--- START ---
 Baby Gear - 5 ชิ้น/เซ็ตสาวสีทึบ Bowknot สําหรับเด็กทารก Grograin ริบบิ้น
--- END ---
--- START ---
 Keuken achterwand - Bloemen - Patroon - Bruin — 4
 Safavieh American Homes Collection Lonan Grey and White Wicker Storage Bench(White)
--- END ---
Using the entries above, extract exactly the span from the line with "Keuken achterwand - Bloemen" to the line with "Safavieh American Homes", both lines included; leave out everything else.

 Keuken achterwand - Bloemen - Patroon - Bruin — 4
 Safavieh American Homes Collection Lonan Grey and White Wicker Storage Bench(White)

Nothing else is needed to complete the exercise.